Dataset items:
>>

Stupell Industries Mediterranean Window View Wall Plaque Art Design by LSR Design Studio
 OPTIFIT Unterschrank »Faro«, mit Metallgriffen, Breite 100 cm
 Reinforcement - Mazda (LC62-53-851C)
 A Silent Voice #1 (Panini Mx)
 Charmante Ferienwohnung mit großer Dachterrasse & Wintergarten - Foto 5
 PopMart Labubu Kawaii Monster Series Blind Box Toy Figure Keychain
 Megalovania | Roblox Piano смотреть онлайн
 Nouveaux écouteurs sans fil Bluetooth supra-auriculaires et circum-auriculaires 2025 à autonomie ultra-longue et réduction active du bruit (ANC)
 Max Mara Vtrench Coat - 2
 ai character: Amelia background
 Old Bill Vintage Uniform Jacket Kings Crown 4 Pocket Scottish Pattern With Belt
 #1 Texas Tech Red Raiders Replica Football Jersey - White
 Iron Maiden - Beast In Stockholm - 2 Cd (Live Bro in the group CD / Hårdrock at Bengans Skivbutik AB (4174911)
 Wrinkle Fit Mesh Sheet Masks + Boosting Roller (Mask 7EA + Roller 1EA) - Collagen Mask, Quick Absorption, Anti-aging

<<

§ **Assignment**
From the line with "Old Bill Vintage" through the final line of the records, return each line exactly. Leave out the rest.

§ **Written answer**
 Old Bill Vintage Uniform Jacket Kings Crown 4 Pocket Scottish Pattern With Belt
 #1 Texas Tech Red Raiders Replica Football Jersey - White
 Iron Maiden - Beast In Stockholm - 2 Cd (Live Bro in the group CD / Hårdrock at Bengans Skivbutik AB (4174911)
 Wrinkle Fit Mesh Sheet Masks + Boosting Roller (Mask 7EA + Roller 1EA) - Collagen Mask, Quick Absorption, Anti-aging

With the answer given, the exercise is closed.